このエンジンは静岡県田方郡土肥町の鈴木鉄工所で製造されたものです。焼玉エンジンとは、燃焼室にある焼玉と呼ばれる部分を加熱して、燃料に着火させるエンジンのことです。日本では明治時代末期に登場し、第二次世界大戦前までは、大型漁船のエンジンの主流を占めていました。浦安では、大正時代末期から焼玉エンジンのついた船が確認されています。

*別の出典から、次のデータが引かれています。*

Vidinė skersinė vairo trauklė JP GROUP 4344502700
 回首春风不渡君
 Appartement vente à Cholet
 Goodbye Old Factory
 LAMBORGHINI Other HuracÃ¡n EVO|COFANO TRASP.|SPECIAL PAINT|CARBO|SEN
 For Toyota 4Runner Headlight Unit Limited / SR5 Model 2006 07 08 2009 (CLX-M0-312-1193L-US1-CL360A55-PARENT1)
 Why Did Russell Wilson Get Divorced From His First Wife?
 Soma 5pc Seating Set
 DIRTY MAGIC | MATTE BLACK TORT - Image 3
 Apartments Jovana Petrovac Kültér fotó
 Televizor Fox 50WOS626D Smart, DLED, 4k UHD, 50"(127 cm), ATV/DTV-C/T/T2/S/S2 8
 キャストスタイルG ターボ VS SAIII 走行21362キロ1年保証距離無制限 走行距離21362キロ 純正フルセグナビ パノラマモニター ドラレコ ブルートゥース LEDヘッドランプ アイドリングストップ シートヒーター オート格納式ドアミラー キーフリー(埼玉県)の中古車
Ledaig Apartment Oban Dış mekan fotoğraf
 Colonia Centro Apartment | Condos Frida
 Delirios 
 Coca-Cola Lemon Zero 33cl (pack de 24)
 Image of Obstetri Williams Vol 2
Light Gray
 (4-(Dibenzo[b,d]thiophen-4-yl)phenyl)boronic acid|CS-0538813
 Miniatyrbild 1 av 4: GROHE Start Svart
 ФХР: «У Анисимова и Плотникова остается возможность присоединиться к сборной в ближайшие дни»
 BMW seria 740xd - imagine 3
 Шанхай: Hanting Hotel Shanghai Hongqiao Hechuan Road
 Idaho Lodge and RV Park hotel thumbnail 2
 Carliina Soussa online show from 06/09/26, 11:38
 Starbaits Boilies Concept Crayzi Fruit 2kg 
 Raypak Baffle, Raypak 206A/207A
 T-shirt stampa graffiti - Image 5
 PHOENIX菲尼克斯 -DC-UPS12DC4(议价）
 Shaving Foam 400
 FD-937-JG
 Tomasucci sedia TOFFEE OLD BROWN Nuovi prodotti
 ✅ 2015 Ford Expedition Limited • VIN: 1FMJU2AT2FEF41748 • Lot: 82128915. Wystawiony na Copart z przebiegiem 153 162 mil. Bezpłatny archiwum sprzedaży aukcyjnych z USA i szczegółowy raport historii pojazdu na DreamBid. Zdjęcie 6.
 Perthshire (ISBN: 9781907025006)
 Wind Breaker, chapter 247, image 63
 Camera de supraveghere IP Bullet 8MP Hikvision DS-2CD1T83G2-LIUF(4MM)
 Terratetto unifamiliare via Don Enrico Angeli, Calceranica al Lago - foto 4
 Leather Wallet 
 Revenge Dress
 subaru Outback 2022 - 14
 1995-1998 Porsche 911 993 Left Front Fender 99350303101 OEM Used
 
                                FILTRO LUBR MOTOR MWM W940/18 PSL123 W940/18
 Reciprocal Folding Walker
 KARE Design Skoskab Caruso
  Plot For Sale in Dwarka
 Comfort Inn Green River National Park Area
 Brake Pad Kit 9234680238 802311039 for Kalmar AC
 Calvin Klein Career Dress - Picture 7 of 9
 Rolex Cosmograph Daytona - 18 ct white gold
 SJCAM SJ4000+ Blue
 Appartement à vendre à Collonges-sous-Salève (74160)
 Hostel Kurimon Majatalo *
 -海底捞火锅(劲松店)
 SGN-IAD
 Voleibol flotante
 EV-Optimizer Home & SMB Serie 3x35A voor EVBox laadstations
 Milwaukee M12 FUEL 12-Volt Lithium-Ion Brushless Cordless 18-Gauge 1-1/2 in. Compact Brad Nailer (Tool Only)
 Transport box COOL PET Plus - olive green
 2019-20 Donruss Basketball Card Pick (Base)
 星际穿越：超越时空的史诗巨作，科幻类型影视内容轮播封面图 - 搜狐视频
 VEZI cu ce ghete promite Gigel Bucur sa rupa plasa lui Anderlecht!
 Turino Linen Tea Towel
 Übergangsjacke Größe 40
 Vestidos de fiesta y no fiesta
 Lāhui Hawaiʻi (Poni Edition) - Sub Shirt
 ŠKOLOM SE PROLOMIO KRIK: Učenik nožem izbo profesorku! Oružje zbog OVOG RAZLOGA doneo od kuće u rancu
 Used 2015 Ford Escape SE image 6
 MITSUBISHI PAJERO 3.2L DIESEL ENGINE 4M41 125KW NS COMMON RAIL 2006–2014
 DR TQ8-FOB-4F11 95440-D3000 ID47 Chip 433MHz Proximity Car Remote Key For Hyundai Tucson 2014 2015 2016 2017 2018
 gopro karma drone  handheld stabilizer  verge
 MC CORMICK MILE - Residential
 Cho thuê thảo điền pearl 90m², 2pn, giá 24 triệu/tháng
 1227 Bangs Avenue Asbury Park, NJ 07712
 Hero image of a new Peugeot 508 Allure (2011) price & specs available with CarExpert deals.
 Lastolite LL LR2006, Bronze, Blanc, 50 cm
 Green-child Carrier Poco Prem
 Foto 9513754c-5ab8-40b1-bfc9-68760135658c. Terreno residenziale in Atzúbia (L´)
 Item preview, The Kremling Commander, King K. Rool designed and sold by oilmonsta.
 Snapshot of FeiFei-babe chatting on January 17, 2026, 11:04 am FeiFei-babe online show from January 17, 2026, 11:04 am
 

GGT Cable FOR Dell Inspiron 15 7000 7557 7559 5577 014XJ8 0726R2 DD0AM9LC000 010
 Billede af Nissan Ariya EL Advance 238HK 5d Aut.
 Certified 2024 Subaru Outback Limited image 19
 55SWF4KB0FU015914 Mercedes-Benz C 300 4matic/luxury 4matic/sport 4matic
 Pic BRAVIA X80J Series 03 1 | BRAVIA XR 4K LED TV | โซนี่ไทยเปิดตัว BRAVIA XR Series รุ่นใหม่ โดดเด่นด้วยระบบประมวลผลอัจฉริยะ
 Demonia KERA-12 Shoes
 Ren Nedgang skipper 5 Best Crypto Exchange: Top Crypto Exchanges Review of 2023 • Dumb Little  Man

屋外展示場「うらやすの町」に展示されている焼玉エンジンは、平成9年(1997年)11月25日に江戸川から引き上げられたもので、昭和33年に製造されました。このエンジンは貝などの運搬に用いる買い出し船に用いられたもので、「吉岡丸」という船についていた35馬力のものでした。エンジンの中央にあった一枚のプレートから、静岡県土肥町の鈴木鉄工所で造られたことがわかりました。
大量に生産された焼玉エンジンも、現在ではほとんど姿を消し、国内では数例しか現存していません。
「かつて浦安の町に鳴り響いていたエンジンの音を、もう一度復活させたい」という希望を胸に、平成10年(1998年)2月22日から土肥町で修復作業が始まりました。すでに焼玉エンジンの部品はまったく造られていないため、欠けていたり、使いものにならない部品のひとつひとつを造るなど、その修復は大変な作業でした。
平成12年(2000年)12月の最終組み立てには、「もやいの会」の会員も土肥に駆けつけて、朝早くから夜遅くまで修復作業に取り組み、最終調整を終えたエンジンは、平成13年2月に浦安に戻ってきました。平成13年4月1日、浦安市郷土博物館の開館日に焼玉エンジンは「ドッドッドッ」という音を響かせ、製造されてから43年ぶりに復活したのです。
全国の博物館でも、焼玉エンジンの始動を見ることができるのは、浦安の郷土博物館だけです。